News & Ideas

New Beginnings

As the Schlesinger Library's building undergoes an intensive renovation, increasing the diversity of its collections also remains a top priority. 

Author By Jane Kamensky, Carl and Lily Pforzheimer Foundation Director, Jonathan Trumbull Professor of American History, Harvard Faculty of Arts and Sciences Published 01.11.2019 Share this page on Facebook Share this page on Twitter Share this page on LinkedIn Copy Link

As I write, my bookshelves are empty, and my sunny corner office on the first floor of the Schlesinger Library is piled high with boxes, awaiting our move to temporary quarters. Over the next nine months, the Library’s staff will acquire and process collections in the buildings of the former Bunting Institute on Concord Avenue; researchers will make use of a reading room relocated to Fay House. All the while, a thorough renovation will transform the Schlesinger. Next fall, we’ll return to a 1906 building restored and remade for a 21st-century library, with new spaces for teaching and learning, a digital research suite, and an exhibition gallery nearly doubled in size. 
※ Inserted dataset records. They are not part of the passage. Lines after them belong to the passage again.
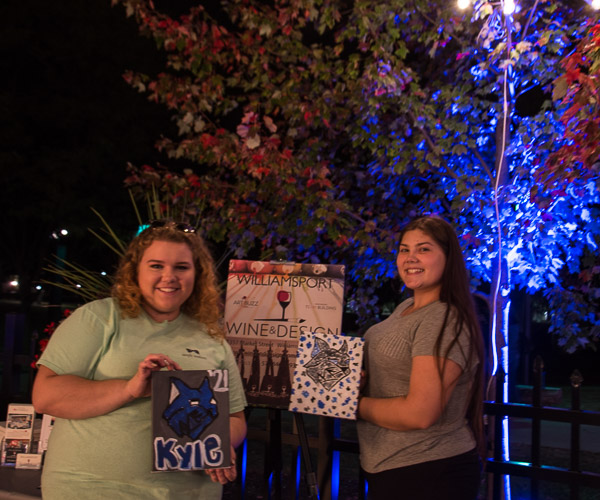 Andrea L. Solenberger (right), an applied management student from Harrisburg, brought along a friend to personalize their Wildcat portraits.
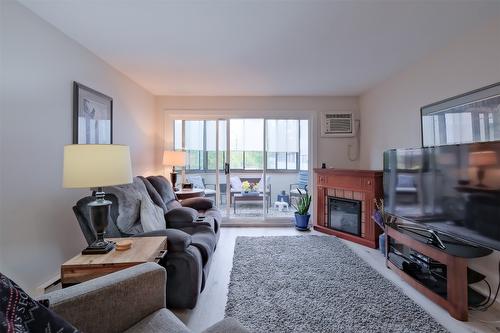 108-1170 Brookside Avenue, Kelowna, BC - Indoor Photo Showing Living Room With Fireplace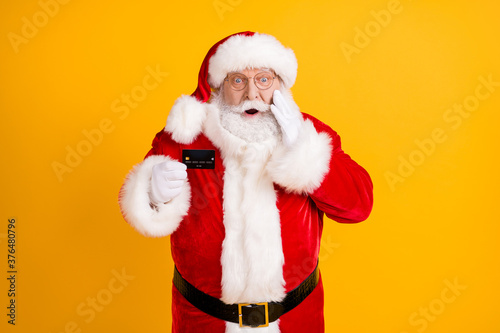 Photo fat grey white beard hair santa claus impressed credit card x-mas christmas season shopping tradition sales pay touch white gloves wear cap headwear isolated bright shine color background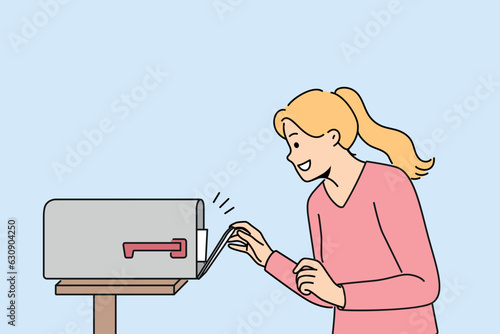 Woman with smile opens street mailbox with letters and rejoices in receiving correspondence or long-term contract. Happy girl near mailbox for important letters for friends and family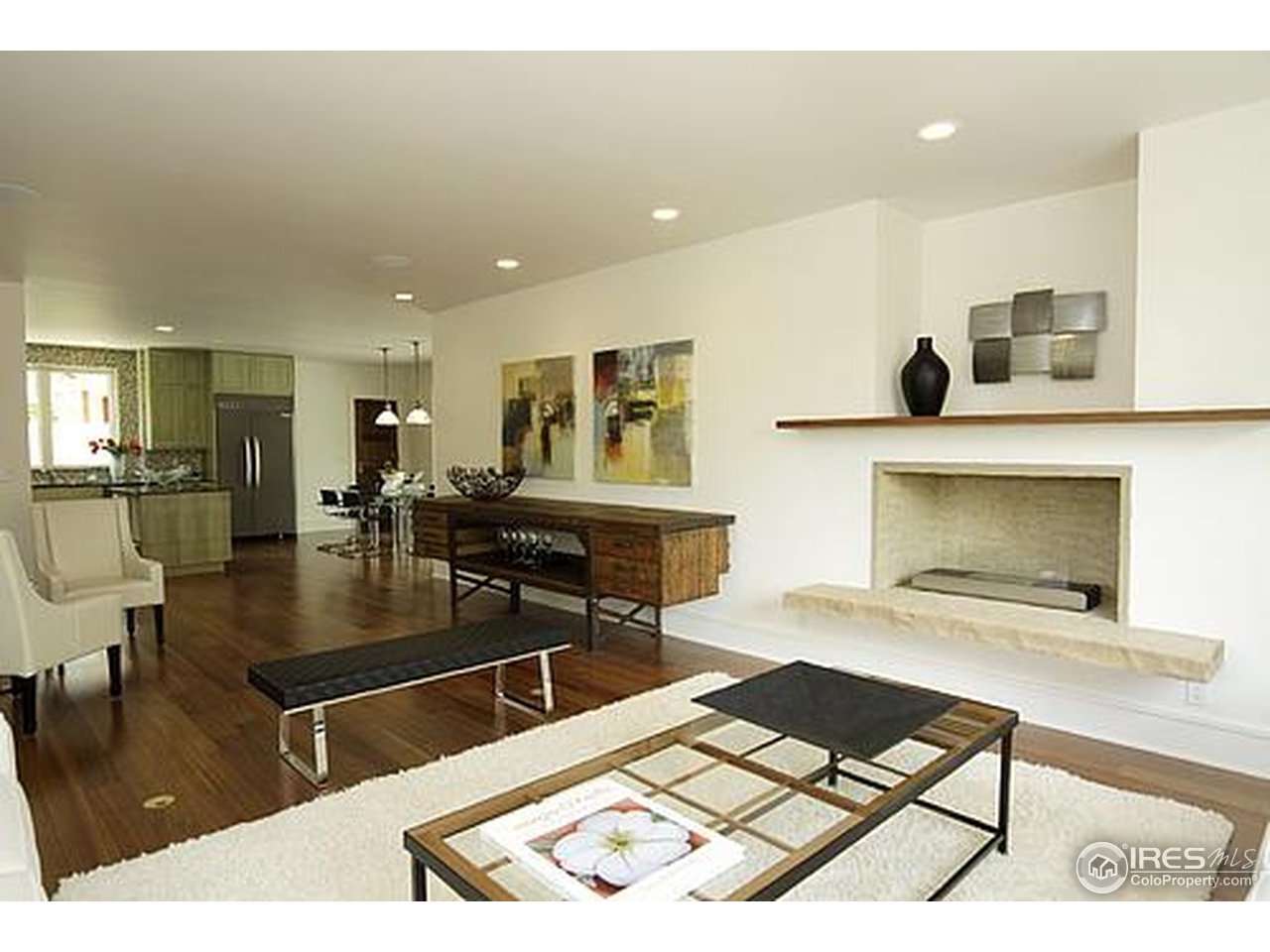 429 Spruce Street Boulder, CO 80302 - Photo 17 of 25 a living room with furniture a flat screen tv and a table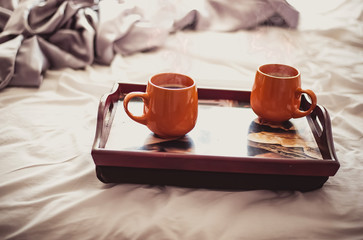 two cups of hot drink on a tray in bed, morning breakfast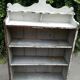 Old white shelf in weathered pine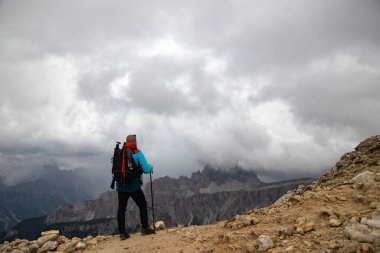 İtalya 'nın Rifugio Nuvolau yakınlarındaki Dolomite Alpleri manzarasının tadını çıkaran sırt çantalı bir adam. Aktif insanlar ve dağ konsepti.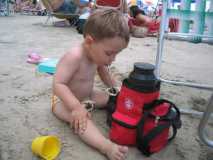 My son Pedro drinking "Chimarrão" at the beach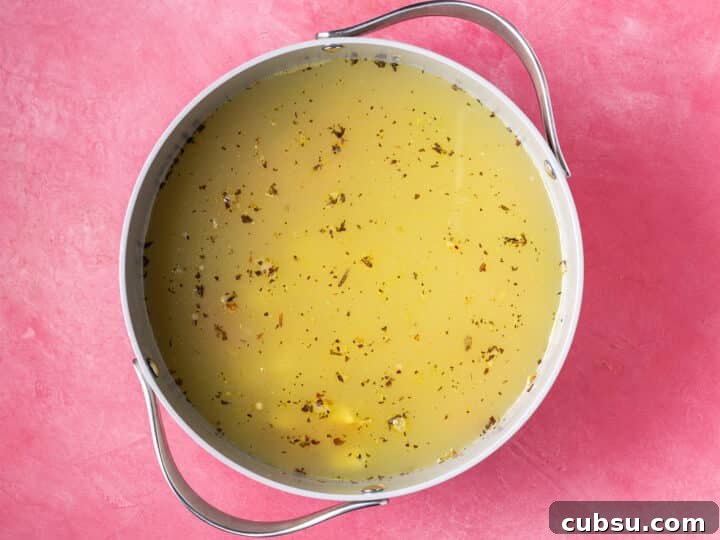 Vegetable broth in a pot with herbs and a parmesan rind before simmering
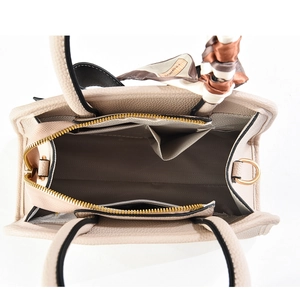 Interior view of beige litchi grain handbag showing large capacity and silk scarf detail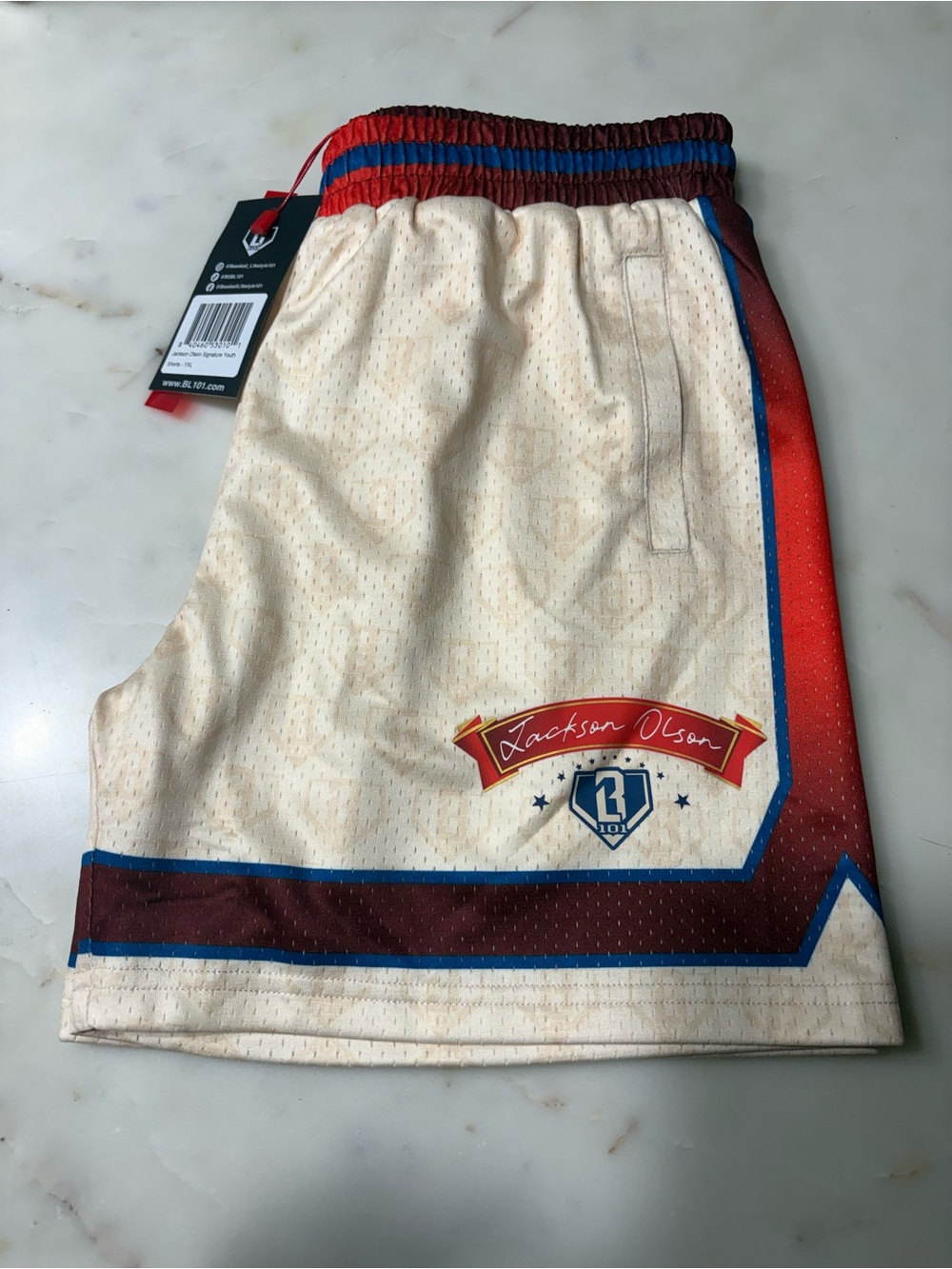 Jackson Olson Cream Athletic Shorts with Red & Blue Trim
In many ways, this renovation, which begins at the close of our 75th anniversary year, marks the end of a long chapter of the Schlesinger’s history and the beginning of a new one. Over three-quarters of a century, our collections have grown in ways that would have been hard to imagine in 1943: from an initial gift of some 30 cartons of manuscripts focused on the campaign for American women’s suffrage to more than 4,100 manuscript collections and 150,000 printed volumes documenting many facets of the lives, work, and thought of American women from the nation’s beginnings to the present day. Researchers continually discover new American histories in our collections; this year, we hosted more than 3,500 visits to the Carol K. Pforzheimer Reading Room, an increase of 12.5 percent from the previous year. Even our oldest holdings are renewed by the scrutiny of new eyes with fresh questions.

But we also need new collections to tell new stories. In recent years, increasing the diversity of our collections along racial, ethnic, class, regional, and ideological lines has been our highest strategic priority. Last year, 60 percent of what we added to our holdings reflected that priority. Those acquisitions include the papers of well-known writers and thinkers such as Jennifer Finney Boylan, Angela Y. Davis, and Lani Guinier along with the extraordinary records of more ordinary women from all across the United States, from the 19th century to the present.  

This fall, as we ring out the old building, my colleagues and I have begun a new collections initiative to better honor our commitment to documenting the full breadth of American women’s experiences. In October, a working group on Asian American women’s collections convened for the first time. The group, composed of activists and community leaders, faculty members, and alumnae who represent a variety of Asian American experiences, is helping the Library develop particular emphases in our drive to document women and families who came to the United States from many parts of the Pacific Rim, and whose journeys, lives, and contributions have transformed modern America.  

The Schlesinger’s Asian American collections initiative builds on small beginnings, much as the Library itself did in 1943. Our current Asian American holdings include the papers of the Beijing-born author, businesswoman, and Republican Party activist Anna Chennault and oral history projects centered on Chinese American women and Cambodian American women and youth. We also hold numerous Euro-American women’s collections documenting diplomatic, human rights, and missionary work in South and East Asia. These collections, while important, are plainly insufficient to capture Asian American women’s significance in areas of American life ranging from the arts to labor activism to higher education to the prevention of family violence to popular culture and the beauty industry. As the United States reckons with its place in what has been called the Pacific Century, the Library is excited to connect with new communities of immigrant women and their descendants in California, New York, the Midwest, and beyond. We hope that by the time we cut the ribbon on our refreshed space next year, we can report on the first fruits of this new collecting initiative. Asian American women are remaking the world every day. We expect that their archives will transform our understanding of American history for many years to come.